Hmm. Speaking as both a dancer and a dance teacher, there will always be some that have to work so much harder to get half as good as others (and similarly, some people who will be at a natural advantage). But that doesn't mean that you can still become a decent dancer - it just takes practice and good training. It is definately NOT 'just suited for certain people'
Some teachers will mentally dismiss dance students that look like they have 'learning difficulties' but in my opinion this is because they don't have the patience to work with the basics. You gotta start with a good foundation, you know?
For example, most great dancers are blessed with an excellent sense of rhythm/musicology - most 'normal' people have varying levels of this (very few are totally tone/rhythm deaf). So what you teacher should do at this point is just work on your musicology - start by knowing how to pick out the rhythms, then doing simple choreography that basically goes beat for beat (eg stepping). As you get better and have to concentrate less on the music, you can learn to start layering and mixing up steps (eg choreography that accents/travels on off beats rather than on the beat). The trick is ALWAYS to start off simple. Then work with that will you're 100% comfortable with it - then you go up a notch on the challenge meter, work with that till you're 100% comfortable, go up another notch etc etc.

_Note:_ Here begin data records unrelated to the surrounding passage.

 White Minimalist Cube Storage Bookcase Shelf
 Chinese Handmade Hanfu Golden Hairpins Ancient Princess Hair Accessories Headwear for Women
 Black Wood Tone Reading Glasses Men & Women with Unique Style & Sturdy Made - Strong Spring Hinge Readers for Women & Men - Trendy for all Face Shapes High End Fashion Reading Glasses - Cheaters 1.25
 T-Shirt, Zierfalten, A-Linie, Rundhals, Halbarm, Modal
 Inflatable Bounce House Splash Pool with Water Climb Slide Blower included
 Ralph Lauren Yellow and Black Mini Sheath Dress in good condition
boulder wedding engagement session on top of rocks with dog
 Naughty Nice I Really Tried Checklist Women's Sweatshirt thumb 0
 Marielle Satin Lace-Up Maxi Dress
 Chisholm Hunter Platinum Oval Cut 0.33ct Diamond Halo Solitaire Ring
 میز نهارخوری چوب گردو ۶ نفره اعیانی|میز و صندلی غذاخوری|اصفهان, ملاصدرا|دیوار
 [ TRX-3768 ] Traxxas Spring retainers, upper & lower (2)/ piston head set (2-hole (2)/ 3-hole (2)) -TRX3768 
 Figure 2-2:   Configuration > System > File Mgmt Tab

Musicology aside some people just have issues picking up steps within a short period of time. There are more or less two types of choreography learners - 'Audio Digital' and 'Kinesthetic". The former are those nutty people who can watch something once and do it perfectly. The latter has to do it over and over again and ingrain the choreography into their body memory before they can perform it as comfortably.
That being said, even a kinesthetic learner (I'm kinesthetic too btw
) can improve their pickup speed by being challenged over time, and 'raising their bar' so to speak. This is going to sound totally stupid but I'm going to relate it to maths - you start off with 'simple' algorithms which seem hard. But then when you start learning harder ones (and being pushed to get the right answer fast) those earlier ones seem easy, yes?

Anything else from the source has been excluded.